Через два года после их первой встречи, в урожайном месяце Пайни, когда земля так запеклась и почернела на солнце, что, казалось, еще немного, и вспыхнет, и только царские сады буйно и сладострастно зеленели среди этой пустыни, радуя глаз, Хатшепсут, к немалому своему удивлению, обнаружила, что стала девушкой, и над ней был исполнен соответствующий ритуал. Ее жрец, Ани, тот самый, который оплакивал Неферу, отрезал ей детский локон, а Нозме собрала игрушки и всякие мелочи из детской и спрятала их подальше – дожидаться жрецов, которые будут готовить ее к погребению. Ани сжег ее волосы в серебряной чаше, а Хатшепсут, безразлично глядя на это, вспоминала, какой она была два года назад, когда сошла в могилу Неферу, и удивлялась, как за такое короткое время притупилась память о сестре, которая теперь казалась частью безвозвратно прошедшего детства.
Едкий дым от сожженных волос висел в детской весь последний день, и при одной мысли о прохладных глубинах дворцового озера пот ручьями стекал по спине девушки. Ее ждали Юсер-Амон и Хапусенеб, поэтому Хатшепсут с трудом скрывала нетерпение, слушая монотонное бормотание Ани.
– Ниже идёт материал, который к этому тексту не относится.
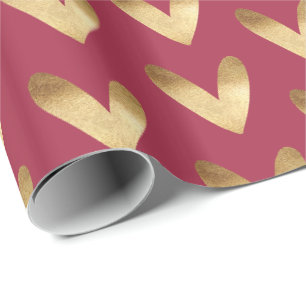 Papier Cadeau Coeurs Ombre Rouge Or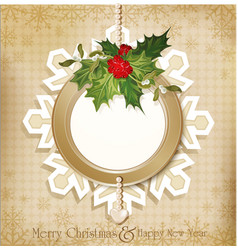 Vintage retro christmas background vector image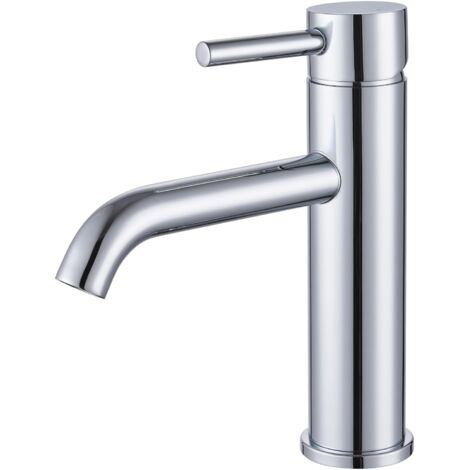 Rubinetto Bagno Miscelatore Lavabo Cromato, Rubinetto Lavabo Acciaio Inossidabile, Regolazione Freddo e Caldo, Altezza Beccuccio 95 mm
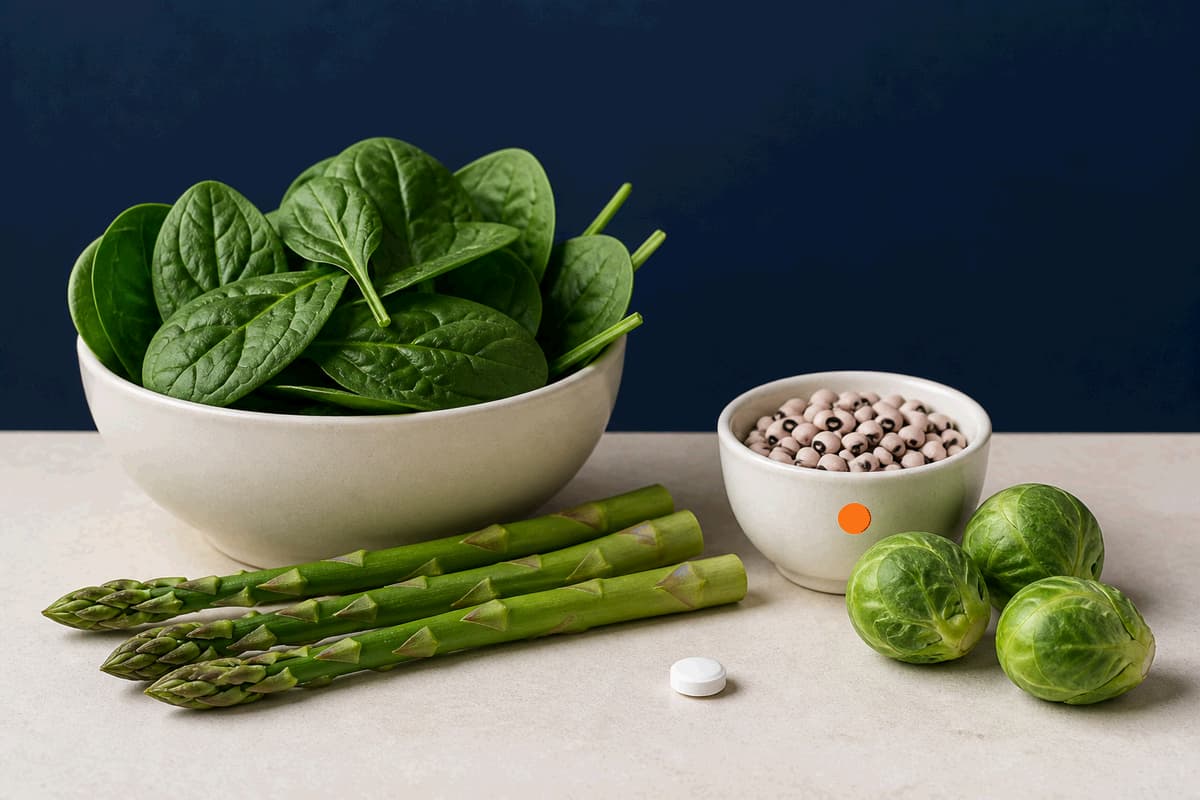 Spinach leaves, asparagus, beans and a simple folate tablet arranged in a clean cream and navy still life with LongevityMate orange accents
Когда наконец все кончилось, она многословно, как предписывал этикет, попрощалась с Нозме, которая переезжала в дом, построенный специально для нее прямо за дворцовой оградой, и при первой возможности скрылась между деревьев, ибо зов прохладной воды в жаркий день оказался сильнее велений долга. Правда, потом она пожалела, что была так груба, и разыскала старую женщину снова.
Вечером Хатшепсут с эскортом перевели в другой покой. Он оказался ненамного больше ее детской и почти так же скромно обставлен, ведь она еще не стала ни наследницей, ни царской супругой. Занятия в школе продолжались, но уже без бдительного присмотра Нозме. В свои двенадцать лет Хатшепсут была почти свободна. Ее новые прислужницы вели себя с большим почтением, чем прежние, и ими легко было помыкать, зато чаще стал появляться отец, который искал ее общества, посылал за ней, входил без объявления в ее комнату, когда она собиралась на занятия, и вообще оказался куда более навязчивым покровителем, чем когда-либо была Нозме. Солдат, которые стояли на страже у ее дверей, отец лично выбрал из числа гвардейцев, и ей нечасто удавалось скрыться от них, когда она шла навестить Небанума или покормить лошадей.
Однажды в полдень, когда воздух в спальне стал горячим и густым, как сироп, она, надеясь выспаться, стянула подушки на пол, к самым ветроуловителям, и тут явилась мать.
Хатшепсут почти не видела Ахмес со дня церемонии. Они встречались за обедом и обсуждали ее успехи в учебе, ловкость, с которой она бросала палку для метания, шутили над тем, какое блестящее будущее ждет ее, когда она станет заправским колесничим. Лишь о ее положении царевича короны Ахмес ни словом не обмолвилась, так что ее неодобрение встало между ними как стена. Хатшепсут была озадачена и уязвлена. Еще совсем юная, она нуждалась в материнском совете, поддержке и утешении, ей и в голову не приходило, что кажущаяся холодность Ахмес происходила исключительно от чрезмерного беспокойства за судьбу Цветка Египта.